- Breast magnetic resonance imaging (MRI). This radiation-free test examines the tissues in the breast by using radio waves and magnets.
- Mammogram. A screening mammogram is an X-ray of the breast. This imaging is used is to find cancer early. If an abnormality is detected, a diagnostic mammogram is performed when more imaging is needed. Abnormalities can include asymmetry, mass, microcalcifications or architectural distortion. A diagnostic mammogram is also performed in patients who present with symptoms and signs of possible breast cancer, such as a potential mass, area of thickening, focal pain and nipple discharge.
- Tomosynthesis screening (3D mammography). The Comprehensive Breast Care Center uses 3D mammography, also known as tomosynthesis, for all screening and diagnostic mammograms. This 3D technology allows radiologists to see individual breast structures without the confusion of overlapping tissues. Tomosynthesis allows the technologist to take multiple X-ray pictures of each breast from many angles. A computer then combines this information into one three-dimensional image. The need to call patients back for additional imaging drops when tomosynthesis is performed. Because a scan with tomosynthesis is more comprehensive than a regular mammogram, it can find much smaller and earlier-stage cancers. A tomosynthesis exam will feel no different from a usual mammogram, except that it takes just four seconds longer.
- Ultrasound. This test uses high-frequency sound waves to make images of body tissues on a computer screen. Ultrasounds are often used in addition to a mammogram to help determine if an area of concern is a solid tumor or a fluid-filled cyst. Ultrasounds do not use radiation.
Biopsy.
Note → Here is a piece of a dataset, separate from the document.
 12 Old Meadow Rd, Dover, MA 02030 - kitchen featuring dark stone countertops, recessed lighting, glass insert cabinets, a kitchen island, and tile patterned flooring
A biopsy removes tissue or cells from the breast to be checked by a pathologist under a microscope. Results from a biopsy help determine if cells are cancerous. A breast radiologist uses local anesthesia to numb the area of the breast where a needle will be inserted. A biopsy may be performed with mammography, ultrasound or MRI guidance. Ask your provider about your specific type of biopsy to learn more.
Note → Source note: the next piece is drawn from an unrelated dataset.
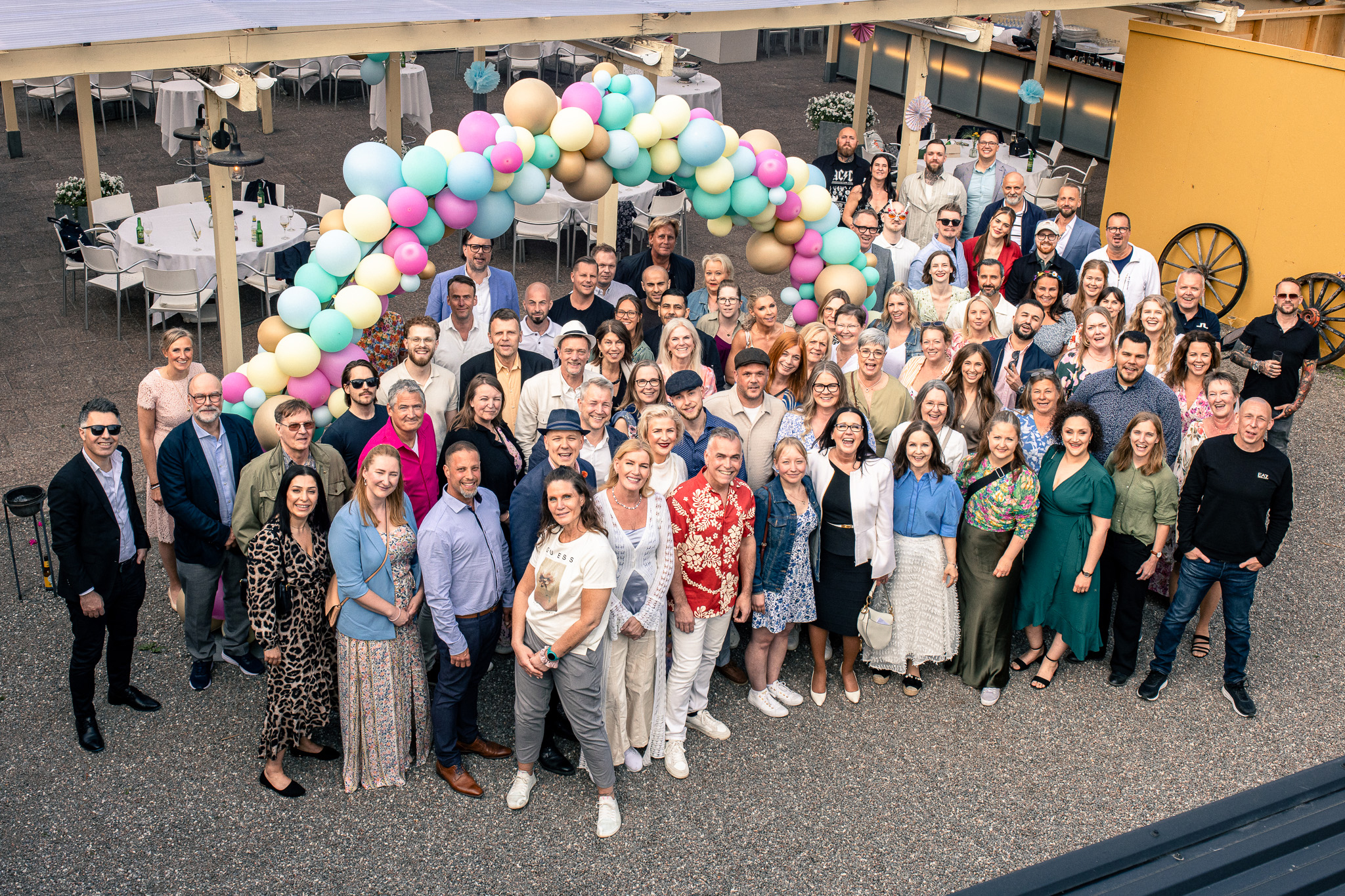 En stor grupp människor stående tillsammans med ballonger i bakgrunden.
After a biopsy is performed, patients will be contacted by a Markey team member to review results. Further management will be recommended at that time.
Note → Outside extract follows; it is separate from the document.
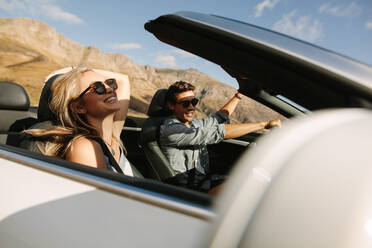Cheerful couple having fun on a road trip. Young man driving convertible car with woman smiling on passenger seat. - JLPSF27195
When you are diagnosed with breast cancer, it is common to feel a sense of urgency around starting treatment. However, in most cases, there is time to do the needed research to ensure that your diagnosis is correct. That may include getting a second opinion.
Our team of experts works together to diagnose, treat and prevent breast cancer, with a focus on individualized patient care.
Markey is among the best cancer centers in the nation when it comes to advanced treatment options, survival rates and experienced providers, according to U.S. News & World Report. As the one and only NCI-designated cancer program in Kentucky, Markey can serve many patients each year with rare and common cancers, including breast cancer.
Our specialized team is happy to work with your doctors and communicate to ensure confidence in your diagnosis.
A second opinion can help to ensure that you get the latest and most effective therapy for treating breast cancer. The following are common reasons for seeking a second opinion after your initial diagnosis:
- You are having difficulty understanding your diagnosis.
- A dedicated team specialized in your cancer type may not be available in your area.
- There may be uncertainty around the stage of breast cancer.
- You may want to learn more about treatment options, including clinical trials and advanced technologies only available at an advanced center like Markey.
- Your health insurance requires a second opinion before continuing toward treatment.
Questions to ask when getting a second opinion
After receiving a cancer diagnosis, you may have a lot on your mind. Here a few questions to keep in mind for your doctor when seeking a second opinion:
- Is there a chance that my medical problem could have a different diagnosis?
- Are there additional tests I should take before moving forward with treatment?
- Do you recommend any treatments at this time?
- What do you expect to happen if I wait or don't have the treatment?
- What are the side effects of treatment?
- How long are treatment recovery periods?